*** SOURCE DATA Section Begins ***

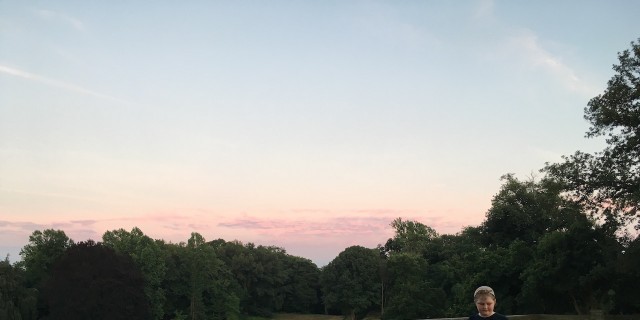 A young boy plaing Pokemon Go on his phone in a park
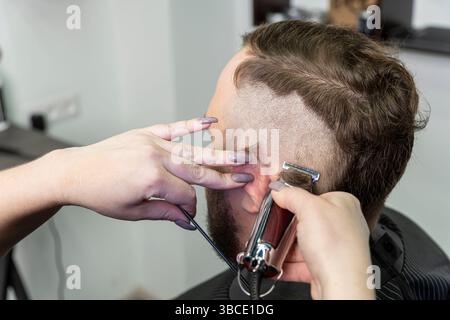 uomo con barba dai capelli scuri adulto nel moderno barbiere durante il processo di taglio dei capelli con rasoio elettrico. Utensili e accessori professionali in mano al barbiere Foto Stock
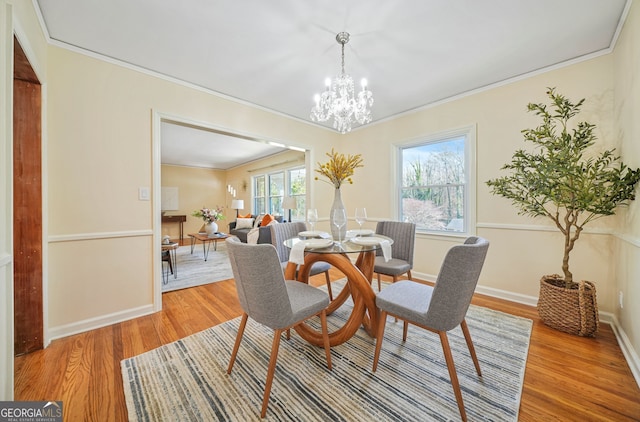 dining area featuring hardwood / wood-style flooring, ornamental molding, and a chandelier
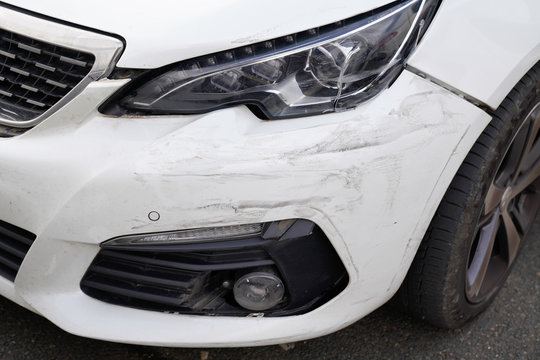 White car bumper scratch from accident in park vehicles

*** SOURCE DATA Section Ends ***
*** SOURCE DATA Section Begins ***

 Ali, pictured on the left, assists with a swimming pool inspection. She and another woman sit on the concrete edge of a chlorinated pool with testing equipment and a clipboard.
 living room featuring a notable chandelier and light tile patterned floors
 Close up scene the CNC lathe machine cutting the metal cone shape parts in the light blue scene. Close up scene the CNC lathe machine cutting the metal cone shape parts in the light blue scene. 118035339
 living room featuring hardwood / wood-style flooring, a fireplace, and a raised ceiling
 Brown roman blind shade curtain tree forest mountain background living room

*** SOURCE DATA Section Ends ***

**YOUR TASK:** Among the records, find every line with the word "living" and copy it.

**EXERCISE OUTPUT:**
 living room featuring a notable chandelier and light tile patterned floors
 living room featuring hardwood / wood-style flooring, a fireplace, and a raised ceiling
 Brown roman blind shade curtain tree forest mountain background living room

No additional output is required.